===== Supplied entries =====
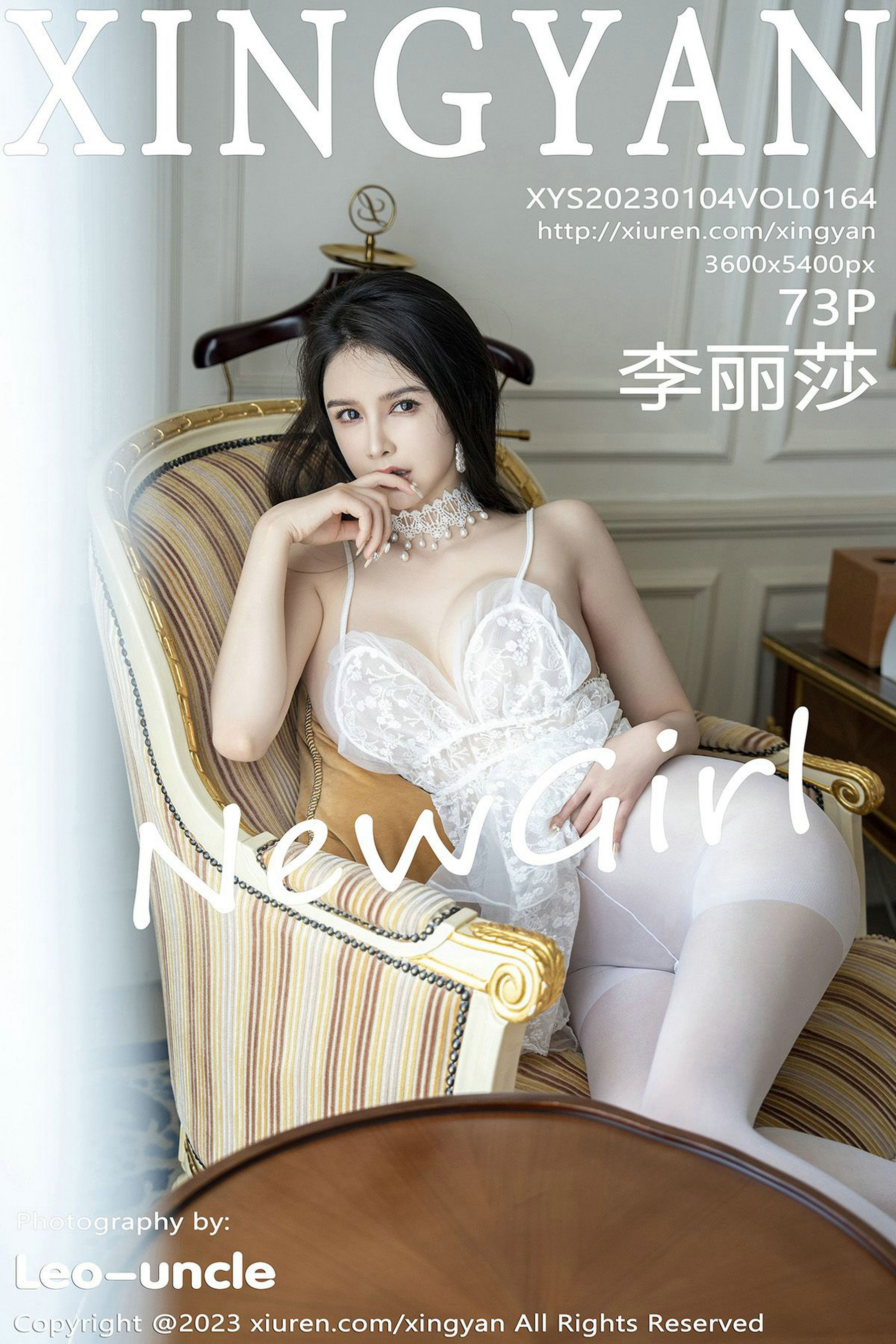 [星颜社XINGYAN] Vol.164 李丽莎/(74P)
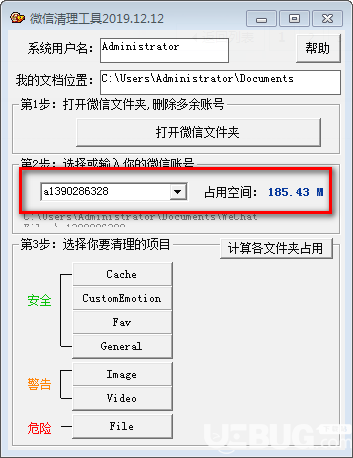 微信清理工具v2019.12.12绿色版【4】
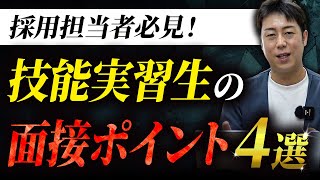 外国人技能実習生を面接する際のポイント4選！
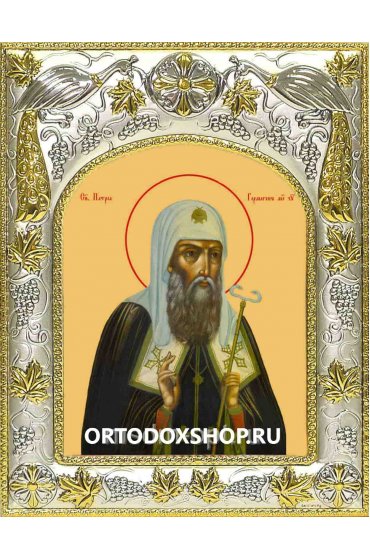 Икона Ермоген Московский 14x18 в серебряном окладе, арт вк-1682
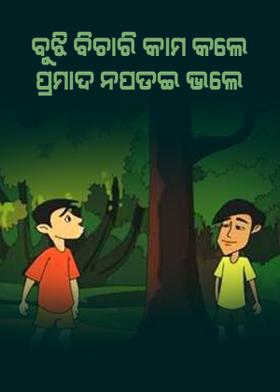 ବୁଝିବିଚାରିକାମକଲେପ୍ରମାଦନପଡ଼ଇ ଭଲେ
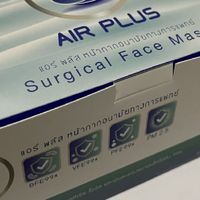 AIR PLUS บอล 0946895656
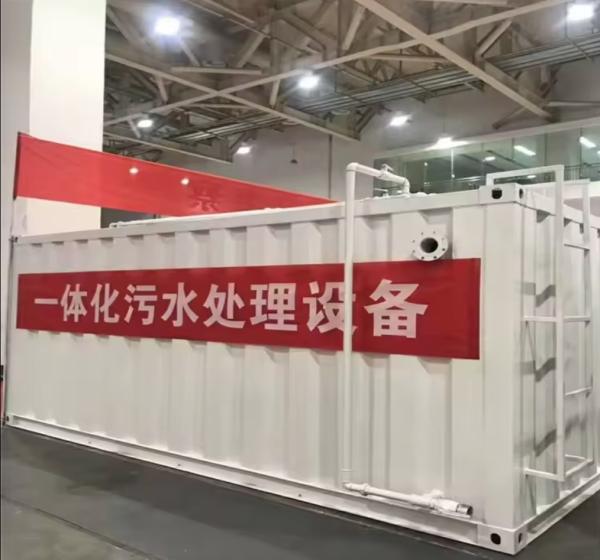 Buy cheap Integrated Package Sewage Treatment Plant MBR System Industrial Domestic Wastewater Treatment from wholesalers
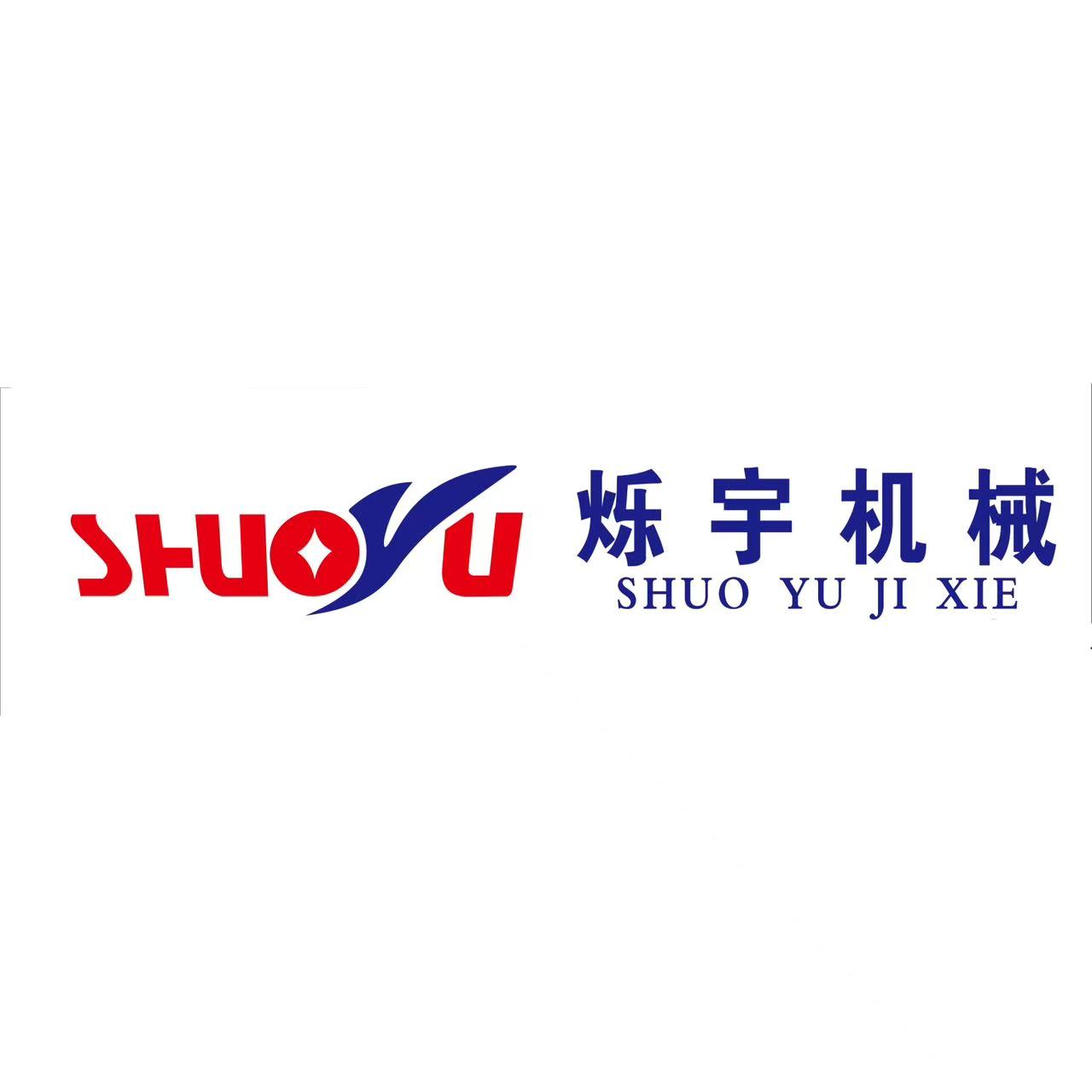长葛市烁宇机械有限公司 Logo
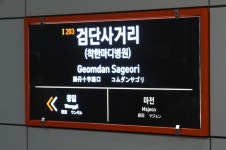 검단사거리역
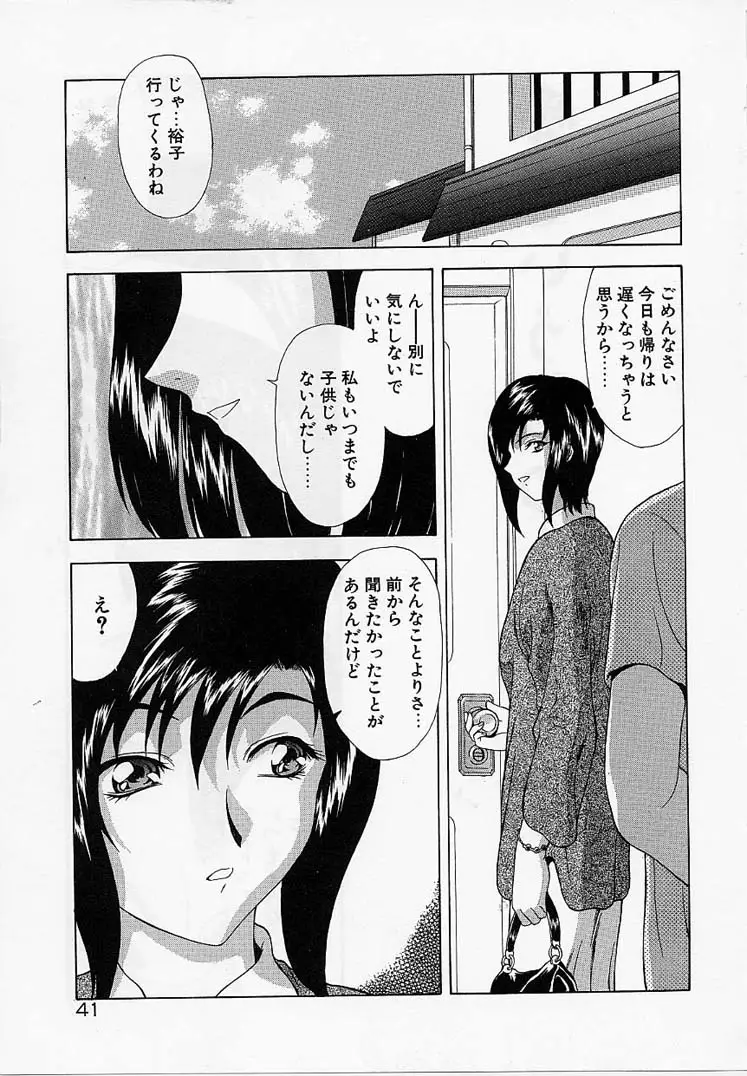 Page 40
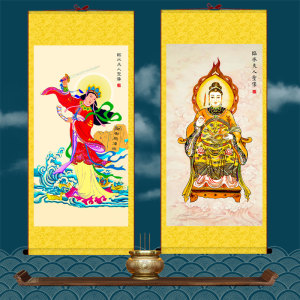 临水夫人陈靖姑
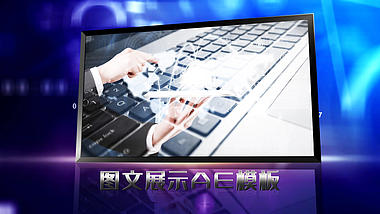 蓝紫色科技光效图文展示AE模板视频的预览图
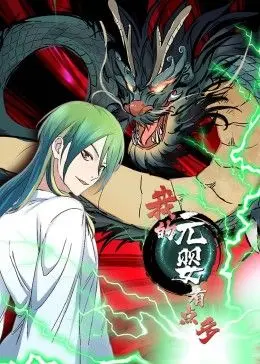 《我的元婴有点多》动态漫画：当修仙遇上爆笑日常，笑到停不下来！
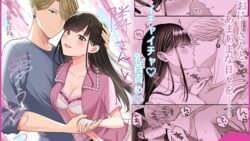 お隣さんと夢うつつ総集編 21 thumb 466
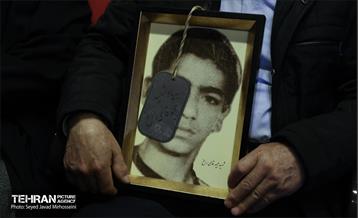 یادواره 350 شهید منطقه 13 18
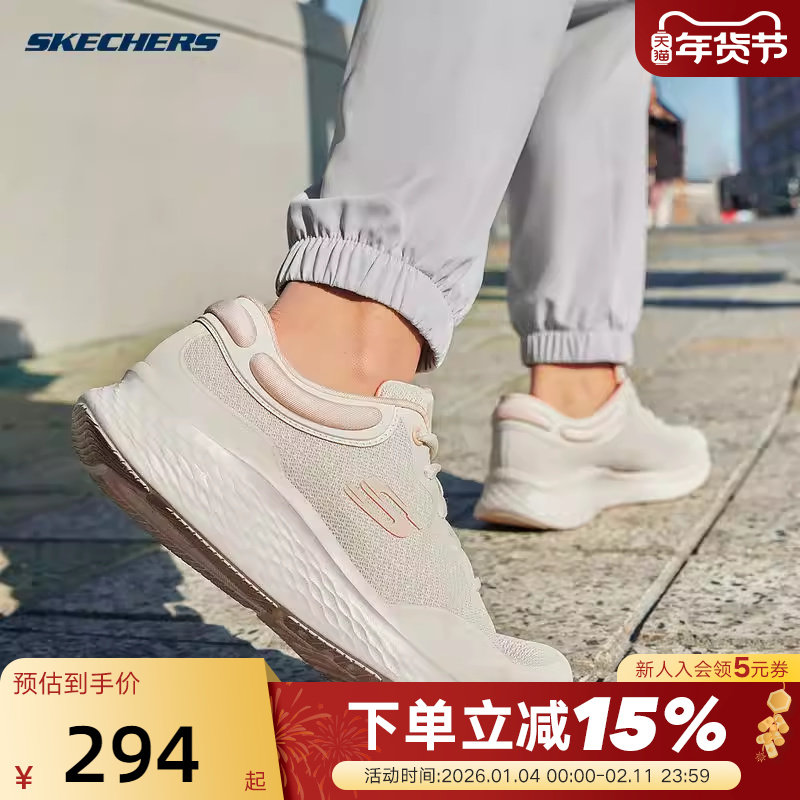 Skechers斯凯奇女子时尚百搭跑步鞋舒适透气轻质缓震运动鞋150048,运动鞋new,运动休闲鞋,淘宝优惠券,粉丝福利购,淘宝优惠卷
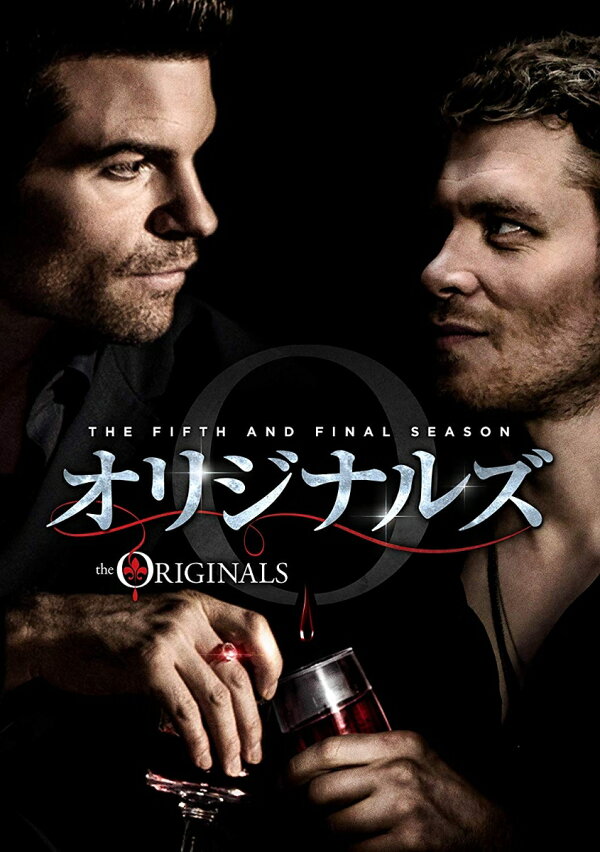 楽天ブックス: オリジナルズ ＜ファイナル・シーズン＞DVD 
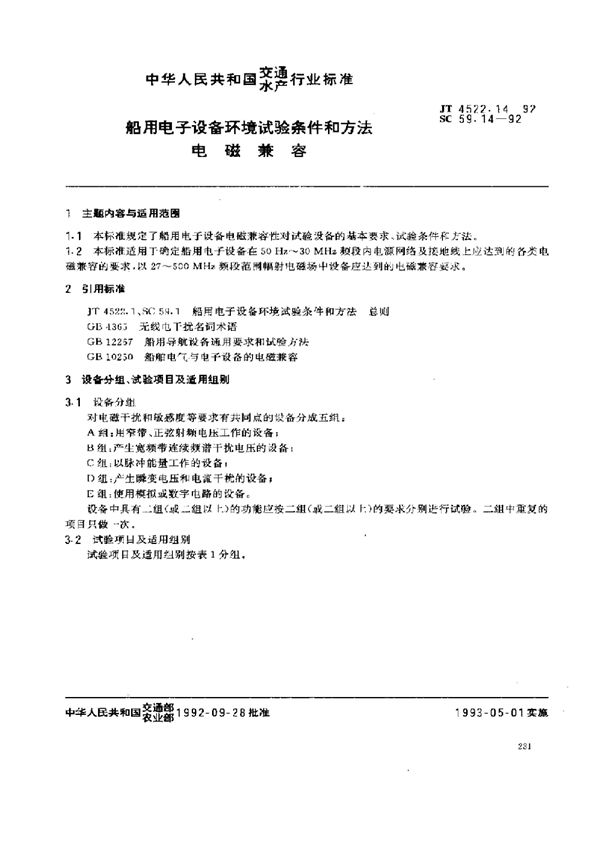 船用电子设备环境试验条件和方法 电磁兼容 (SC 59.14-1992)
=====
Using the listing above, restate exactly the range between the lines holding "Икона Ермоген Московский" and "یادواره 350 شهید منطقه 13 18", inclusive, with pictures left out.

#### [Exercise output]
 Икона Ермоген Московский 14x18 в серебряном окладе, арт вк-1682
 ବୁଝିବିଚାରିକାମକଲେପ୍ରମାଦନପଡ଼ଇ ଭଲେ
 AIR PLUS บอล 0946895656
 Buy cheap Integrated Package Sewage Treatment Plant MBR System Industrial Domestic Wastewater Treatment from wholesalers
长葛市烁宇机械有限公司 Logo
 검단사거리역
 Page 40
 临水夫人陈靖姑
 蓝紫色科技光效图文展示AE模板视频的预览图
 《我的元婴有点多》动态漫画：当修仙遇上爆笑日常，笑到停不下来！
 お隣さんと夢うつつ総集編 21 thumb 466
 یادواره 350 شهید منطقه 13 18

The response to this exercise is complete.